My paper titled ‘‘Polymorphic Error Correction’’ was accepted to MICRO-2024.
The paper’s main idea is to co-design for security and reliability. We assume that the baseline system already comes with MACs for data integrity (e.g., Intel TDX) and standard level of ECC, i.e., Intel’s SDDC.
Abstract – In this paper, we propose a new memory error correction scheme, Polymorphic ECC, based on a novel idea of redundancy polymorphism for error correction. With redundancy polymorphism, we can use the check bits, i.e., parity bits in traditional ECC, to correct errors from different fault models. For example, the error correction procedure will use the same redundancy value for single-bit errors, double-bit errors, ChipKill, and others.
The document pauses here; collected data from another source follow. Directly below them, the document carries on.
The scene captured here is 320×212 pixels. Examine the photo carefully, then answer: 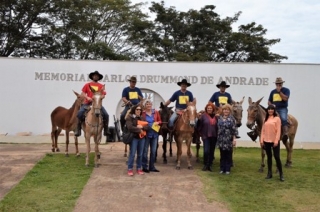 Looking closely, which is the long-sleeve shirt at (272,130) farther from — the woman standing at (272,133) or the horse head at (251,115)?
the horse head at (251,115)

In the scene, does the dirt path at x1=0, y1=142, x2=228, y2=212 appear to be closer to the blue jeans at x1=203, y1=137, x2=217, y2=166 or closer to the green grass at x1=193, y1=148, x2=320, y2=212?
the green grass at x1=193, y1=148, x2=320, y2=212

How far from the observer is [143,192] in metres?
8.34

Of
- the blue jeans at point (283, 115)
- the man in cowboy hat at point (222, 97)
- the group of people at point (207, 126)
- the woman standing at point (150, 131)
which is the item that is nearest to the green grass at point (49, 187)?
the group of people at point (207, 126)

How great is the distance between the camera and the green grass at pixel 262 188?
7688mm

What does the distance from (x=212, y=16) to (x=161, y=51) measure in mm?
6254

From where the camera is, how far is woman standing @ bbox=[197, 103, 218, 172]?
34.3ft

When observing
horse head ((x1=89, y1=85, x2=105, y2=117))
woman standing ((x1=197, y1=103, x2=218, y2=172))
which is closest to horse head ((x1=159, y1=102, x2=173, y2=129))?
woman standing ((x1=197, y1=103, x2=218, y2=172))

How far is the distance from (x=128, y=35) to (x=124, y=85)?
1930cm

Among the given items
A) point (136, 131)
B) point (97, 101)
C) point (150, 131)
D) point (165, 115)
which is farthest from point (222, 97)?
point (97, 101)

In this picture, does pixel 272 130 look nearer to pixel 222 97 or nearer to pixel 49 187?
pixel 222 97

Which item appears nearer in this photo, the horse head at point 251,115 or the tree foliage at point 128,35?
the horse head at point 251,115

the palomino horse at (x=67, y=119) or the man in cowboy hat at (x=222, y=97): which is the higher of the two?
the man in cowboy hat at (x=222, y=97)

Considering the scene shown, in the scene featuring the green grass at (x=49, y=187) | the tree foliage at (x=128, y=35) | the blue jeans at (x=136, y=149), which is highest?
the tree foliage at (x=128, y=35)

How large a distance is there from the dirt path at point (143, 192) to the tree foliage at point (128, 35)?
80.1ft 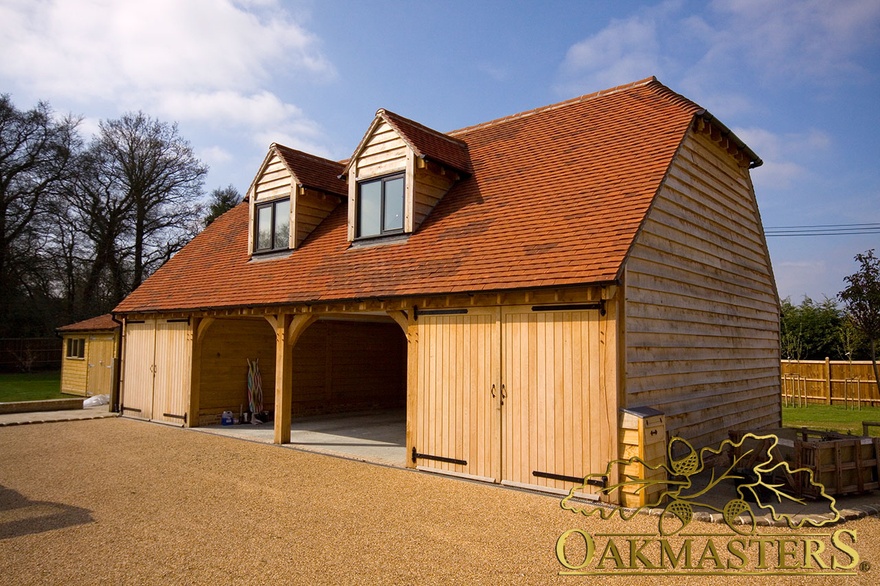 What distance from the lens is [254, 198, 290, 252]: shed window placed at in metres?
14.0

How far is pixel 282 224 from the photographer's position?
14.1 m

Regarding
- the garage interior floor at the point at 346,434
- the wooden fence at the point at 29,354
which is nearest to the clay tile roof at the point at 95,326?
the garage interior floor at the point at 346,434

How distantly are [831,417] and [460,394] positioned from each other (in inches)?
530

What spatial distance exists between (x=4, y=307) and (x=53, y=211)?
17.8 feet

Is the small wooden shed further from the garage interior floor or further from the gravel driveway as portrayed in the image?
the gravel driveway

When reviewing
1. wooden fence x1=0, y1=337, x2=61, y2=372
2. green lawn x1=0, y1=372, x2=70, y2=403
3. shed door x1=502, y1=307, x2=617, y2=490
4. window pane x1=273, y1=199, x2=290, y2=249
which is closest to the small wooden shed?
green lawn x1=0, y1=372, x2=70, y2=403

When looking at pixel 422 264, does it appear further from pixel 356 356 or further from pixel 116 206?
pixel 116 206

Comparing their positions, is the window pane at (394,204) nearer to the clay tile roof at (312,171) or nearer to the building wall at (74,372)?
the clay tile roof at (312,171)

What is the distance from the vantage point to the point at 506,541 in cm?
590

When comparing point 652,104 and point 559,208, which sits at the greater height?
point 652,104

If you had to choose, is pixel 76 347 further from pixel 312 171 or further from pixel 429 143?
pixel 429 143

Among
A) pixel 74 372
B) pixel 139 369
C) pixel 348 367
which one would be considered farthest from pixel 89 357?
pixel 348 367

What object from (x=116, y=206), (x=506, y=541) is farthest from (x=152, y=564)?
(x=116, y=206)

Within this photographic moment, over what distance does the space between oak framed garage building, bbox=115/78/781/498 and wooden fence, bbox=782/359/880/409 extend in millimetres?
10928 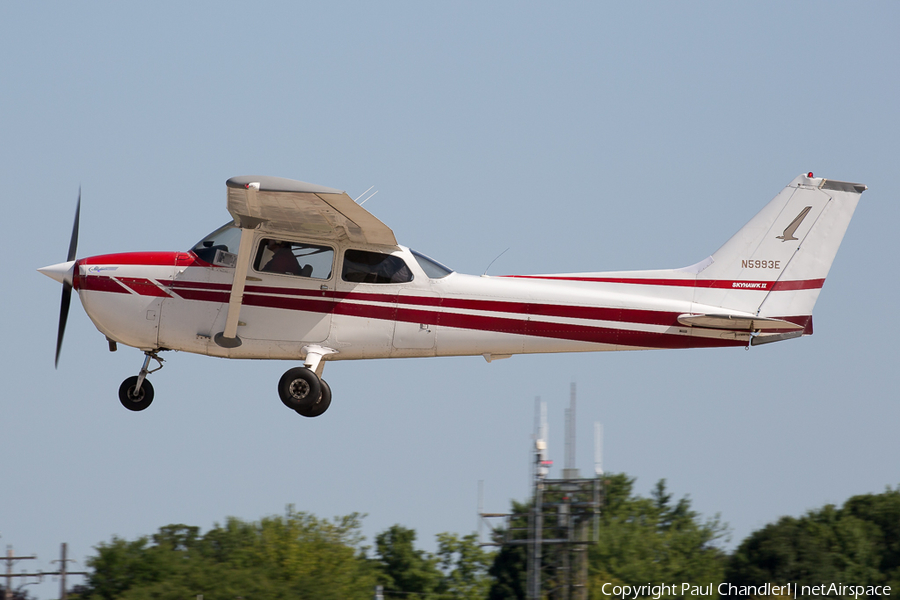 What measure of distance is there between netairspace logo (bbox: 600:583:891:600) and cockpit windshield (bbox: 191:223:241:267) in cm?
2995

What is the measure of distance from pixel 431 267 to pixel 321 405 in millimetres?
2135

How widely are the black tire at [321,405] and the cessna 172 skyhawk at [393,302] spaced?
2cm

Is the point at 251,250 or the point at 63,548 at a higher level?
the point at 251,250

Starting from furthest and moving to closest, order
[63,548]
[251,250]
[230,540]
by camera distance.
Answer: [230,540]
[63,548]
[251,250]

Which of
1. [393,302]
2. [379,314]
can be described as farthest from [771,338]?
[379,314]

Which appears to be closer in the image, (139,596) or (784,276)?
(784,276)

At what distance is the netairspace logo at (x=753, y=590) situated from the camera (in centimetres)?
4097

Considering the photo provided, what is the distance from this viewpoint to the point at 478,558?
49719 millimetres

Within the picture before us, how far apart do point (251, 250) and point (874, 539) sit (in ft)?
131

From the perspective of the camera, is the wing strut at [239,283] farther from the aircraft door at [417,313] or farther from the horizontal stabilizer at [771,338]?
the horizontal stabilizer at [771,338]

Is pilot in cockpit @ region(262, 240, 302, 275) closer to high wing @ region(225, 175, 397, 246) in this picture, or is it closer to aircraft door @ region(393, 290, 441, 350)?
high wing @ region(225, 175, 397, 246)

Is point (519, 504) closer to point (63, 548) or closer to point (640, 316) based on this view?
point (63, 548)

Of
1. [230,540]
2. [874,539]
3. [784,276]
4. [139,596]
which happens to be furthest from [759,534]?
[784,276]

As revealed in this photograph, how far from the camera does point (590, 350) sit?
1379 cm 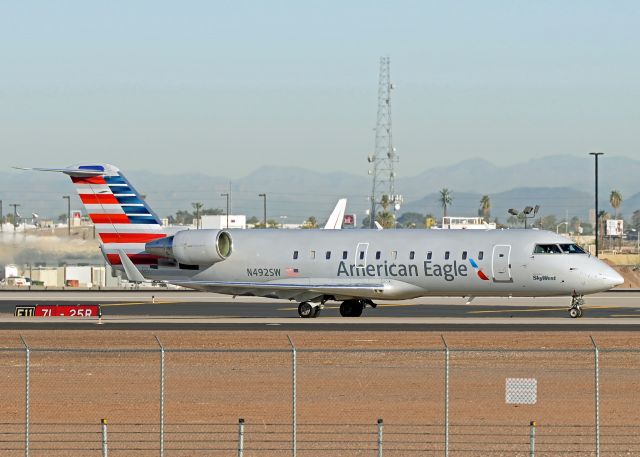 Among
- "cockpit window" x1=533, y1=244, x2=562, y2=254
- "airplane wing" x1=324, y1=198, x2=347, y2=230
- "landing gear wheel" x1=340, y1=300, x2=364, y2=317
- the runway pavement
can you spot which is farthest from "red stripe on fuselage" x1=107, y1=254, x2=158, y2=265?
"cockpit window" x1=533, y1=244, x2=562, y2=254

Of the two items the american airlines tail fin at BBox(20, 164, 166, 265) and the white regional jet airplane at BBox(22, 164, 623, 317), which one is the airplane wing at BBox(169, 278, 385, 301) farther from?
the american airlines tail fin at BBox(20, 164, 166, 265)

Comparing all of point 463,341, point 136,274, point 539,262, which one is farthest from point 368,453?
point 136,274

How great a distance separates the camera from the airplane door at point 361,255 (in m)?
56.1

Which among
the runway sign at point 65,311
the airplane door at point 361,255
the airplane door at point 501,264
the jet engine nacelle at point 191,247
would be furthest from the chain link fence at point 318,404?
the jet engine nacelle at point 191,247

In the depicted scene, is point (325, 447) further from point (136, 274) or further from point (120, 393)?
point (136, 274)

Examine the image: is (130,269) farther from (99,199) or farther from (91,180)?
(91,180)

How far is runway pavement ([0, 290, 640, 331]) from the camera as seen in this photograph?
5028 centimetres

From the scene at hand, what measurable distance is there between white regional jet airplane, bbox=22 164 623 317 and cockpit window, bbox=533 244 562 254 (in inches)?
1.9

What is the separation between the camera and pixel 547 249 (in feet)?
176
As a result, Polymorphic ECC corrects more errors than traditional codes, which typically target a single fault model or require multiple redundancies for multi-fault model support, leading to higher storage overheads. Our construction is very compact, allowing us to embed an inlined cryptographic message authentication code (MAC) with each cacheline, ensuring data integrity and near 100% error detection without needing any extra storage. The MAC, further permits iterative correction among the many supported fault models. In the paper, we show that the novel combination of redundancy polymorphism with iterative correction, corrects errors due to fault models not covered by traditional codes and guarantees data integrity with up to 60-bit MACs while using 64-byte cachelines and standard 40-bit DDR5 memory channels.